CapeSym
Tools for Materials Characterization
Software
Cloudformation can be used to launch a simple cluster of xSYMMIC in the Cloud instances on Amazon Web Services.
AWS Cloudformation Service provides an easy way to create and launch Amazon EC2 resources through a JSON-formatted template. The template creates a Virtual Private Cloud (VPC) that defines the contiguous block of IP addresses for a private network inside the cloud. Each subnet of the VPC resides within a single availability zone (e.g. us-east-1a), but a VPC can span multiple zones within a region (e.g. us-east-1). For a cluster based on xSYMMIC in the Cloud, all instances are assigned private IP addresses within a single 8-bit subnet. For example, for a subnet located at 10.0.0.0, private IP addresses 10.0.0.4 through 10.0.0.254 are available.
The public IP address for one of the instances may be used to administer the cluster from the user's desktop through a Secure Shell (SSH) connection. A security group is used to block all inbound traffic except for SSH access from the user's desktop. A placement group is used to place instances together on the underlying hardware to achieve low network latency and high network throughput. A local network file system provides the file input/output for cluster computations.
The Cloudformation launch template makes it easy to set up all these resources. The launch template will not only create the VPC, subnet, security and placement groups, it will also run scripts on each instance that find the other members of the cluster and configure the files for communicating between them.

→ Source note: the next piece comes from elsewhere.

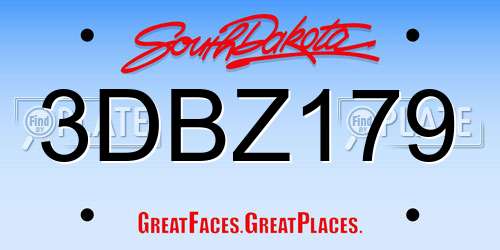 3DBZ179 South Dakota License Plate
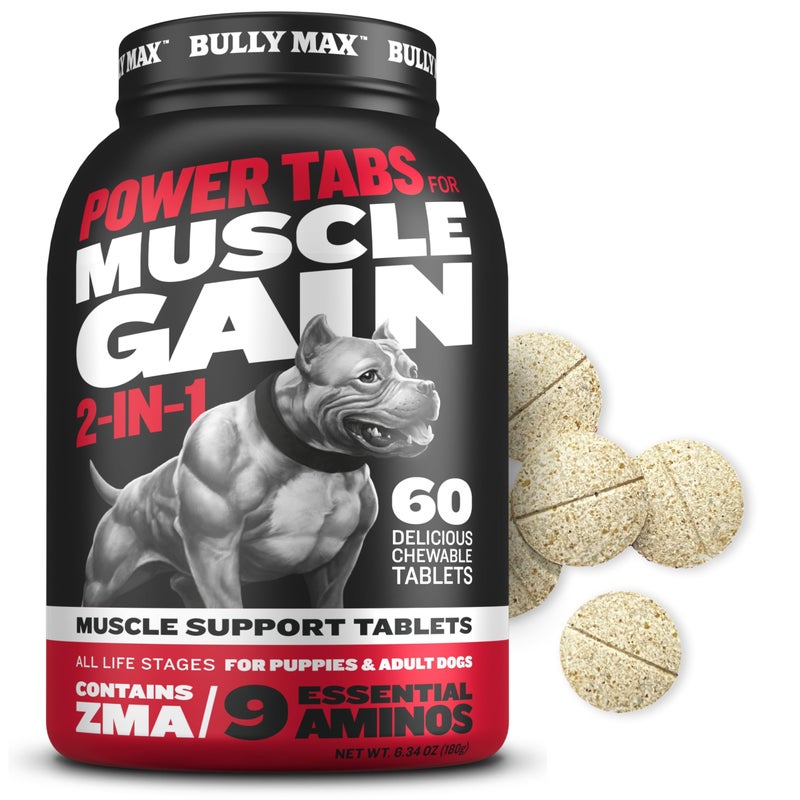 Bully Max 2-in-1 Muscle Builder Chewable Tablets for Puppies & Adult Dogs - Puppy & Dog Vitamins & Supplements for Muscle Gain & Growth - Ultimate Canine Multivitamins for All Breeds & Ages - 60 Tabs - Image 1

From the AWS console (console.aws.amazon.com), go to Services >
Management & Governance > Cloudformation, which will bring up the
Cloudformation console. NOTE: The AWS console must be set to one of the
U.S. regions where SYMMIC in the Cloud is available, and you must have already subscribed to
the SYMMIC in the Cloud product
(xSYMMIC in the Cloud)
in order to use Cloudformation to launch a SYMMIC cluster.
To begin creating a cluster, click on Create stack.
The first step in creating the Cloudformation cluster is to upload or provide a link to the template file.
CapeSym provides an example template which may be accessed from our S3 bucket:
https://s3.amazonaws.com/symmic-cloudformation-templates/SYMMIC-AWScluster.json
or downloaded by current customers from the downloads area on our website.
This example template will allow you to launch a cluster of instances that may then
be accessed from the Remote Run dialog in the SYMMIC GUI to run simulations in the cloud.
In the next step, you must enter a unique name for the Cloudformation stack you are creating.
There are a number of additional details that must be specified on this page. These are all parameters defined in the template. The first parameter is to select an availability zone within the current region. Not all instance types are available in every zone, so the choice should consider the desired instance type as well.
The cluster will consist of a single "master" node and multiple "compute" nodes. SYMMIC will access just one of the instances to run a simulation, typically the "master" node. Within the VPC, the template defines a subnet of 256 addresses. Instances are assigned private IP addresses in this subnet. Up to 251 instances can be assigned to the subset, so there can be up to 250 compute nodes.
Every instance in the cluster will be of the type specified in InstanceType. NOTE: Your AWS account has specific limits on how many instances of each type you can run simultaneously, so check your Limits from the EC2 Dashboard to make sure AWS will allow you to create the cluster.
To provide access to the cluster you must select an existing public-private key pair from your AWS account. All existing key pairs for the current region will be listed in the pull-down list. If you have not yet defined any key pairs yet, you will need to do so before you can use the Cloudformation template.
The final three parameters include the size of the temporary storage volume used by the instances. This will only need to hold the input and output files for the simulation run(s), so a large volume is not usually needed. The default size of 256 GB is usually sufficient for most problems. One exception may be when running a long transient simulation on a very large mesh.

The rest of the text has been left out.